According to the recent annual report, Oryx Properties has moved away from a pure growth strategy towards a short-term, tactical strategy of consolidation.
“This is an interim two-year plan to strengthen our balance sheet, improve our cash flow and optimise our portfolio. In addition, we restructured our funding and reduced our currency risk,” Kazmaier explained.

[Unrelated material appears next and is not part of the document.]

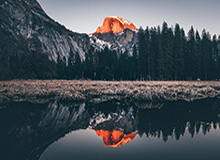 BSPORTS-美职联保留对苏亚雷斯与布斯克茨追加纪律处分的可能性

The chairman also anticipates challenges ahead, specifically in the retail and office sectors, where he said significant attention will need to be given to maintaining existing income streams. “Oryx plans to fund certain identified renewal projects of existing assets through the disposal of non-core properties while allocating available funds to debt repayment and yield-enhancing investments. We will focus on making relatively small investments that will grow and protect our existing income stream. We would also consider investments that derisk the group’s profile and reduce our over-dependence on Maerua Mall retail,” Kazmaier stated. Oryx Properties currently owns a real estate portfolio comprised of 28 retails, industrial, office and residential properties. The group has offshore exposure through an investment in Tower Property Fund, a South African Real Estate Investment Trust (REIT), and a 26% investment in TPF International Limited (TIL) with an underlying Croatian portfolio valued at €82.2 million.